Frederic Jauvin, Vice-President, Global Technical Services, CSL says that, compared to its predecessor, the ship’s combination of optimised hull form, electric propulsion technology and Tier III diesel-electric engines would cut greenhouse gases by 25% and other pollutants by 80%. The propulsion solution will also enhance manoeuvrability in the shallow Magdalen Island channel, he says.
“Nukumi charts new waters when it comes to safe, sustainable and efficient shipping in the Gulf of St. Lawrence and Great Lakes region,” says Jauvin. “Its efficiency and sustainability are truly exciting and Berg Propulsion’s integrated solution and its engineering partnership with Chengxi Shipyard has been key to securing all of the available performance enhancements.”
The performance and sustainability gains of electric propulsion are widely acknowledged, especially when ships demand variable load capabilities, but Berg believes the greater simplicity direct drive solutions bring to the marine market could prove decisive.

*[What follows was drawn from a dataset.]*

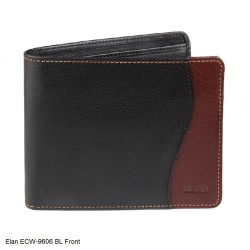 Elan ECW-9606 Leather Card with Flap and Zipper Coin Wallet in Black, Blue and Brownn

“Conventional electric propulsion systems feed power from the generator to the power distribution system, then on to the frequency controller and the electric motor before they reach the main propeller shaft via the reduction gear,” says Jonas Nyberg, Managing Director West, Berg Propulsion. “This can be overly complex and hard to maintain, while energy is lost at every step. The Direct Drive Electric solution features electric motors that are integrated to directly drive the propeller shaft.”
“For Nukumi, the use of Direct Drive Electric propulsion shows the value available when a shipowner, an equipment maker and a system integrator work together in the early ship design phase on prioritising performance and sustainability. This is a key reference for Direct Drive Electric as a fuel efficient and easy to install technology which broadens the appeal of greener electric propulsion,” Nyberg continues.
The removal of gears allows for shorter shaft lines, fewer bearings and a smaller engine room footprint, while very high torque meant the same power could drive larger propellers, adds Nyberg.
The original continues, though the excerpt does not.